◆ **DIRECTIONS**:
Go to the line holding "A fine line" in the entries below and write out exactly every line down to and including the line holding "a person sitting on a boat in the water".

◆ **INPUT**:

= Beginning of Section =

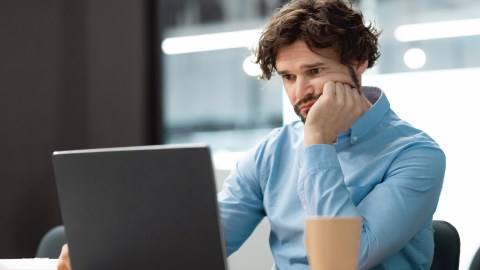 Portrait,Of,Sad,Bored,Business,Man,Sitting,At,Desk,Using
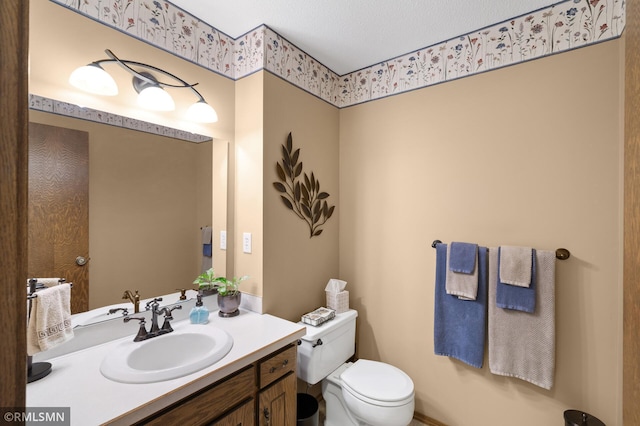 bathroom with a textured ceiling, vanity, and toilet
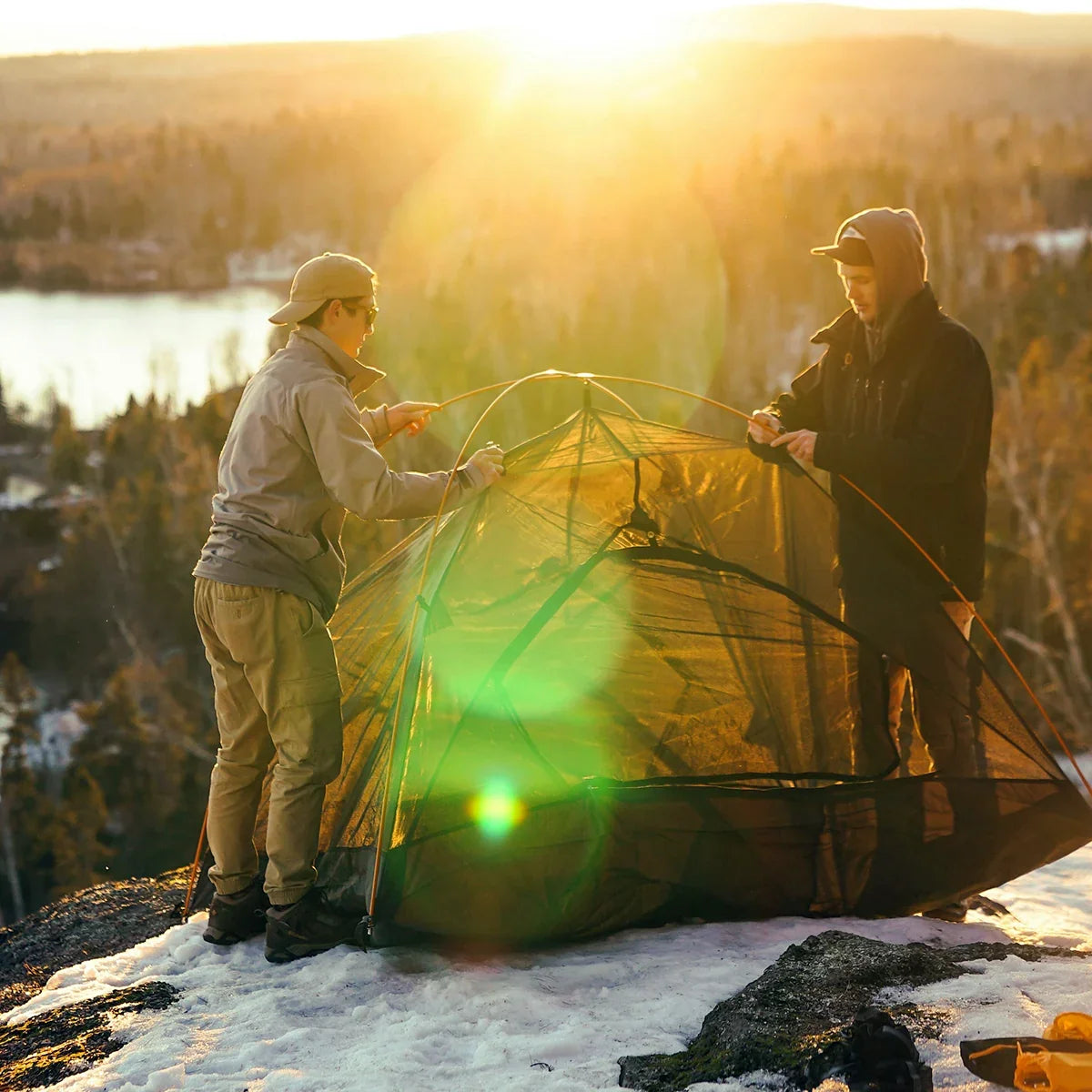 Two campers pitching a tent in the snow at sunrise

= End of Section =
= Beginning of Section =

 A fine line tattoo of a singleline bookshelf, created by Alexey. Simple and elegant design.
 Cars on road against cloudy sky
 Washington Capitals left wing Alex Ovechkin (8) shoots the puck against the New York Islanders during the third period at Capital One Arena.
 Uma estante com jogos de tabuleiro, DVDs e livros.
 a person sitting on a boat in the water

= End of Section =

◆ **SOLVED PROBLEM**:
 A fine line tattoo of a singleline bookshelf, created by Alexey. Simple and elegant design.
 Cars on road against cloudy sky
 Washington Capitals left wing Alex Ovechkin (8) shoots the puck against the New York Islanders during the third period at Capital One Arena.
 Uma estante com jogos de tabuleiro, DVDs e livros.
 a person sitting on a boat in the water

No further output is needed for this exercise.